La différence avec l'octroi du droit de vote aux étrangers est frappante. On disait alors que le Parlement devait s'exprimer librement sur la question. Une majorité a continué à soutenir l'octroi du droit de vote alors même que la majorité des Flamands y était opposée. Par contre, la scission de la circonscription électorale de Bruxelles-Hal-Vilvorde figure bien dans l'accord de gouvernement. Elle n'était pas mentionnée dans l'accord fédéral de gouvernement mais on serait en droit de s'attendre à ce que le Parlement puisse s'exprimer sur la question en toute liberté, ce qui n'est pas le cas. Le sommet de l'hypocrisie est que le ministre de l'Intérieur, en son temps ministre-président du gouvernement flamand, qui a participé à l'élaboration de l'accord de gouvernement prévoyant la scission, a simplement déclaré, après avoir accédé au niveau fédéral, qu'il n'était plus lié par les prises de position affichées au niveau flamand. Et dire que M. Dewael a justifié son passage au Fédéral en prétendant qu'il pourrait y défendre beaucoup mieux les intérêts des Flamands !
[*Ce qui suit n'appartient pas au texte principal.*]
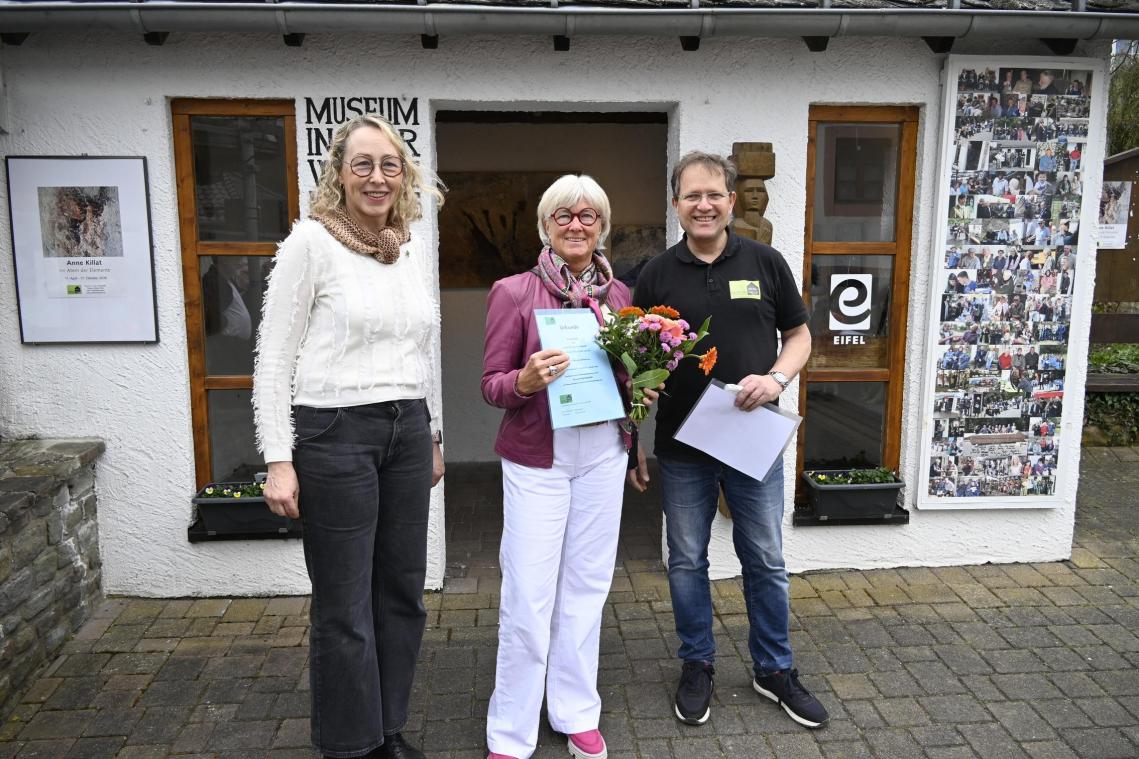 <p>Vernissage an der Wartehalle Welchenhausen: Künstlerin Anne Killat (Mitte) mit dem Vorsitzenden des Museumsvereins, Marcus Meinhardt, und dessen Stellvertreterin Birgit Candels (links).</p>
En ce qui concerne la circonscription électorale de Bruxelles-Hal-Vilvorde, nous sommes aujourd'hui confrontés un test décisif de la crédibilité politique flamande. Je suis surtout intrigué par la façon de voter des sénateurs de communauté flamands et principalement par celle des sénateurs de la majorité. Non seulement ils ont voté avec grand enthousiasme la résolution du Parlement flamand mais ils ont même participé à sa rédaction. La logique voudrait qu'ils approuvent également les amendement qui concrétisent la scission. On peut difficilement voter une résolution au Parlement flamand et venir dire devant le Sénat que ce sera pour plus tard. C'est la crédibilité politique des partis flamands qui sera bientôt mise en cause et s'ils veulent galvauder cette crédibilité, ils doivent appuyer sur le bouton rouge lors du vote des amendements et espérer que ce moment de honte sera vite passé.

-La discussion générale est close.

M. le président. - Nous poursuivrons nos travaux cet après-midi à 15 h.